● WHAT IS EXPECTED
The entries below contain a line with "Reflected XSS HTML Code" and a line with "ATTACK SHARK V6". Quote exactly those two lines and all lines between them.

● DATA RECORDS
=-=-=

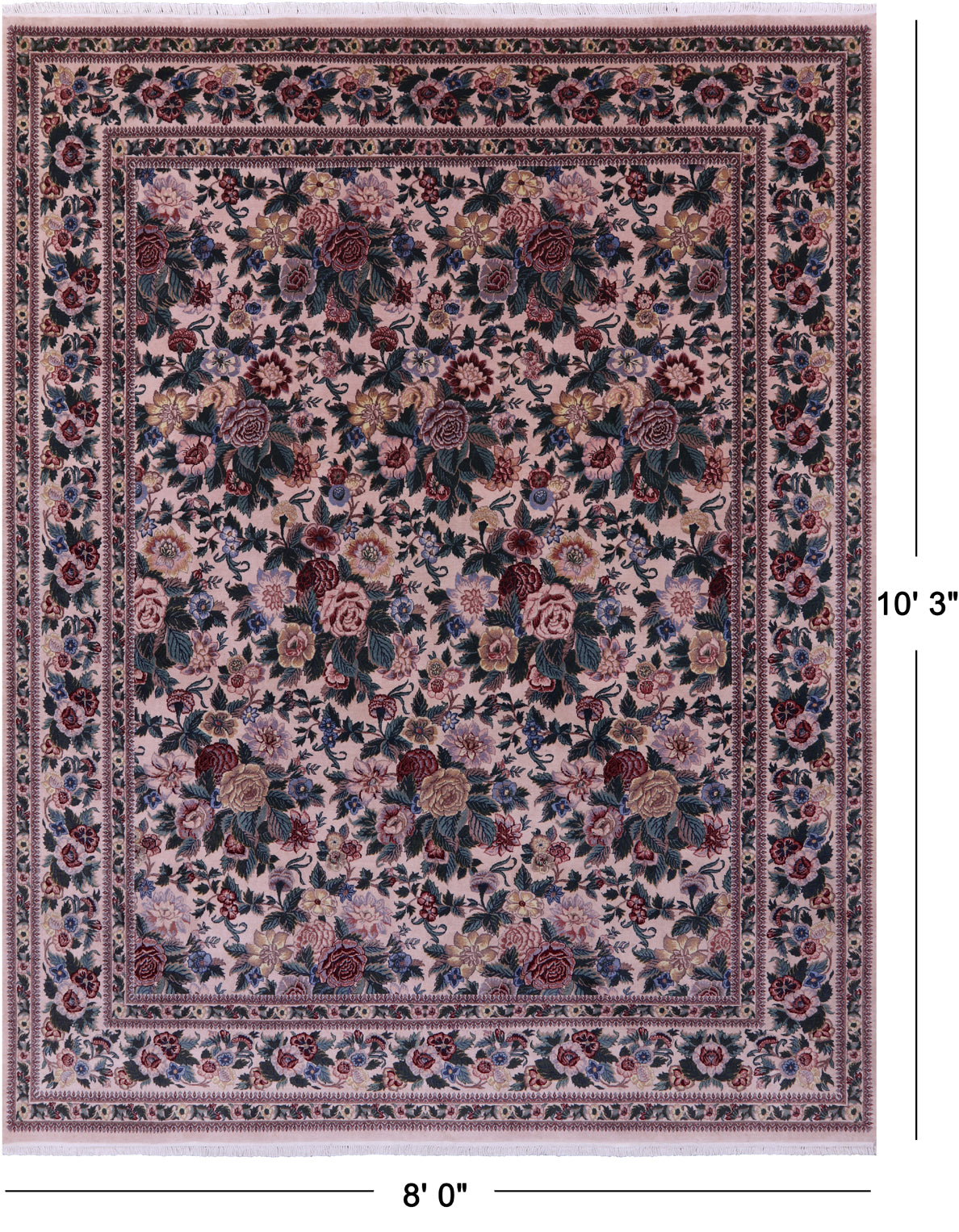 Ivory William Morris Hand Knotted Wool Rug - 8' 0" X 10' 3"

=-=-=

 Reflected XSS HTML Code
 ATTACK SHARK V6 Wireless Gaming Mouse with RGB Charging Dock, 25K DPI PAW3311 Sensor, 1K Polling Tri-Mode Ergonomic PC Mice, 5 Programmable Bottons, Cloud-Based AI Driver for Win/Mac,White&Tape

=-=-=

● REPLY TO THE EXERCISE
 Reflected XSS HTML Code
 ATTACK SHARK V6 Wireless Gaming Mouse with RGB Charging Dock, 25K DPI PAW3311 Sensor, 1K Polling Tri-Mode Ergonomic PC Mice, 5 Programmable Bottons, Cloud-Based AI Driver for Win/Mac,White&Tape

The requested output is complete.